Karena saya tak rajin mengikuti info seputar reforma agraria, hari ini saya gumun tersebab berita: 525 rumah orang Bajo di Wakatobi, Sultra, telah beroleh sertifikat tanah dengan status hak guna bangunan (HGB), bukan hak milik (HM). Sebelumnya? Rumah-rumah panggung di atas perairan pantai itu tak bersertifikat.
Kampung Mola yang terdiri atas lima desa itu terbentuk mulai 1950-an saat orang-orang suku Bajo menyingkir dari daratan karena konflik dua masyarakat lain.

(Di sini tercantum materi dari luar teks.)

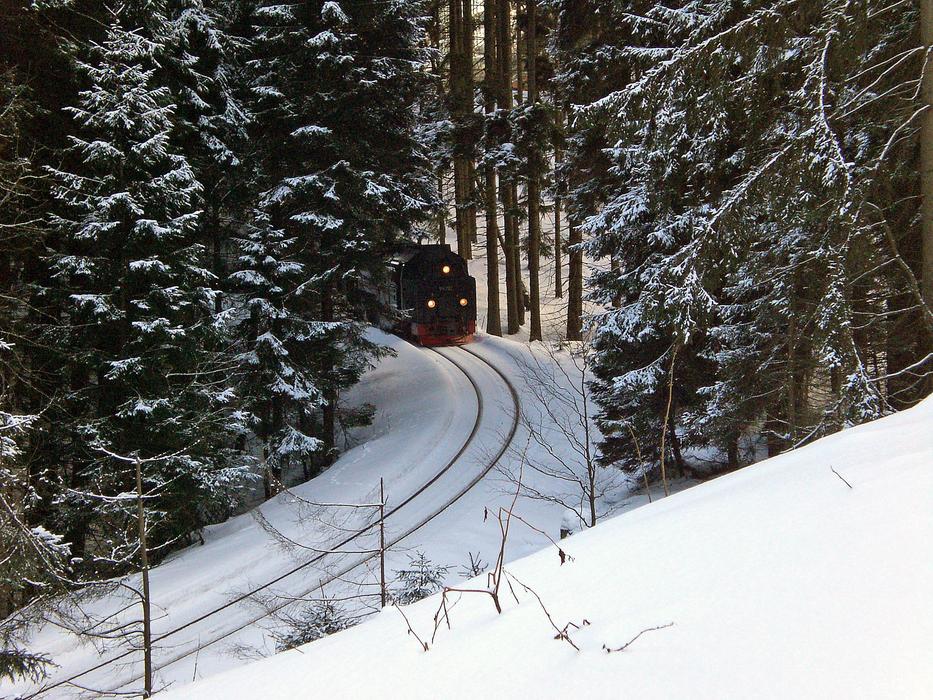 railway near coniferous forest in winter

Oh, sertifikat. Empat tahun silam ketika terjadi gempa, likuefaksi (pencairan tanah), banjir, dan tsunami di Sulteng, rumah orangtua sejawat di pantai Palu tersapu habis tanpa bekas, termasuk batas lahan. Saya pun menanya soal sertifikat tanah nantinya bagaimana, dan dia bilang, “Nah itu dia. Nggak tau kita.” Ternyata tahun ini secara bertahap sudah terbit (¬ Antara Sulteng).
Untuk korban tsunami Aceh 2004, dua tahun lalu ada berita Pemkab Aceh Timur sudah menyerahkan sertifikat tanah di kampung asal kepada 65 warga yang mengungsi (¬ Berita Dinas Pertanahan Aceh Timur).

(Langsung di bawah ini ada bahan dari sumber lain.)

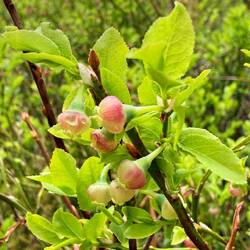 Blüten von Blaubeeren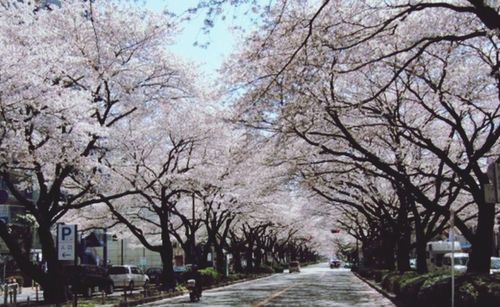 Low angle view of cherry trees against sky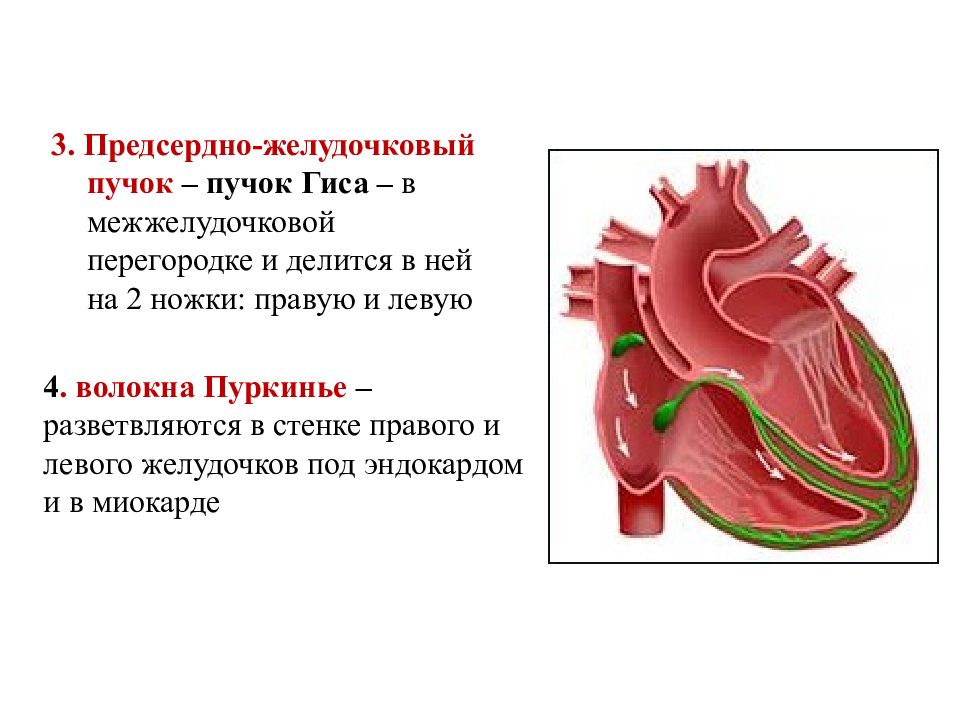 Предсердно желудочковый узел расположен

Sedangkan bagi warga korban abrasi di Pantura Jawa, yang rumahnya terendam air laut, bukan berdiri di atas air laut, misalnya di Muara Gembong, Bekasi, Jabar, dan Sayung, Demak, Jateng (¬ Tirto-Storigraf), dalam pengandaian saya sertifikat tanah masih diakui meskipun ada bangunan yang sudah ditinggalkan.
Sama-sama berumah di atas air, kasus Pantura Jawa dan Wakatobi berbeda. Sedangkan di Palu dan Donggala serta Aceh, rumah sama-sama tersapu air bah. Saya membayangkan alangkah repotnya pemetaan untuk kepentingan agraria dan tata ruang tanpa satelit.
2 Comments
Bagus ya, Paman. Meski bukan HM tapi HGB, ada kepastian hukum bagi mereka.
Yang tanah orang tua kawan Paman di pantai Palu, sudah dapat jugakah?